- [What is needed]
Could you repeat the listing below exactly while leaving its pictures behind?

- [Data shown]
------
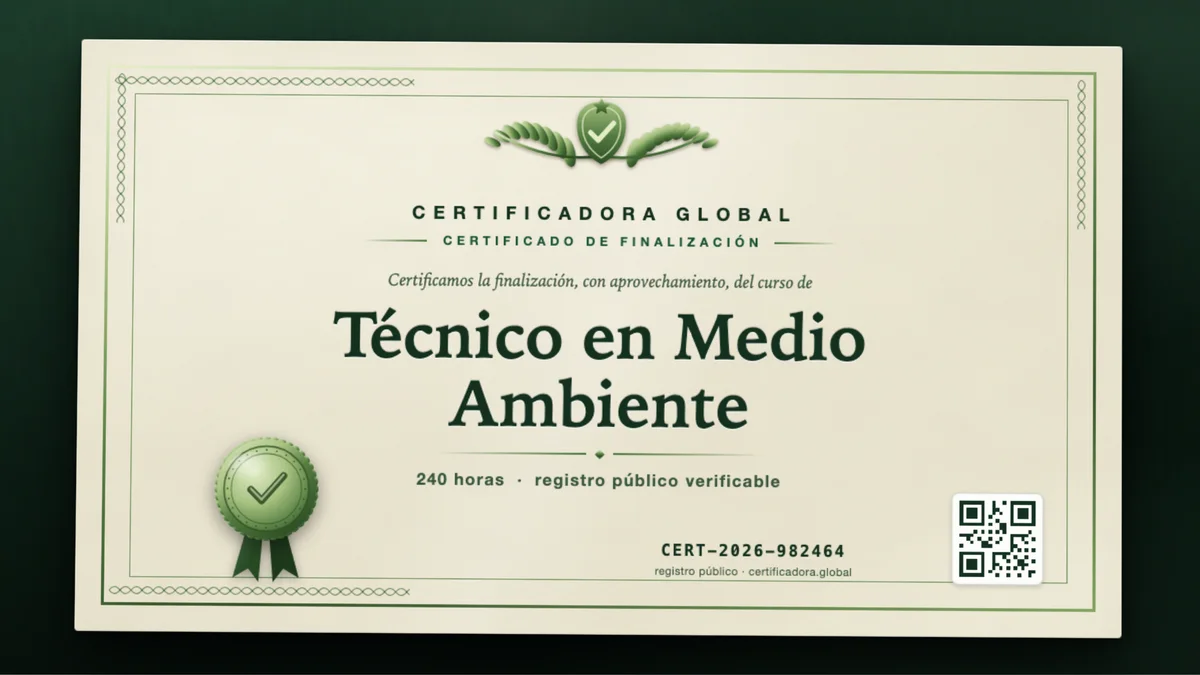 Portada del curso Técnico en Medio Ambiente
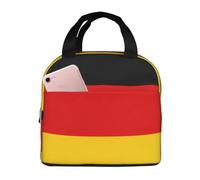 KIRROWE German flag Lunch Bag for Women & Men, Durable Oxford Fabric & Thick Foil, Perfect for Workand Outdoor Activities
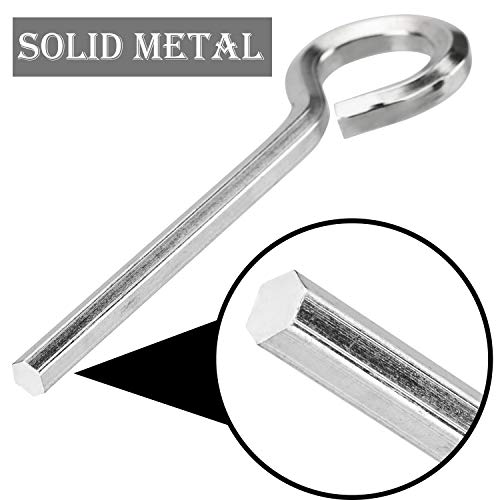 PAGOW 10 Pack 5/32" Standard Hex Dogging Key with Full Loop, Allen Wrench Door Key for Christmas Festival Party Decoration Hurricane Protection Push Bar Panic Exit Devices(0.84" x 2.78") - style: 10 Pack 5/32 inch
------
- [Written answer]
 Portada del curso Técnico en Medio Ambiente
 KIRROWE German flag Lunch Bag for Women & Men, Durable Oxford Fabric & Thick Foil, Perfect for Workand Outdoor Activities
 PAGOW 10 Pack 5/32" Standard Hex Dogging Key with Full Loop, Allen Wrench Door Key for Christmas Festival Party Decoration Hurricane Protection Push Bar Panic Exit Devices(0.84" x 2.78") - style: 10 Pack 5/32 inch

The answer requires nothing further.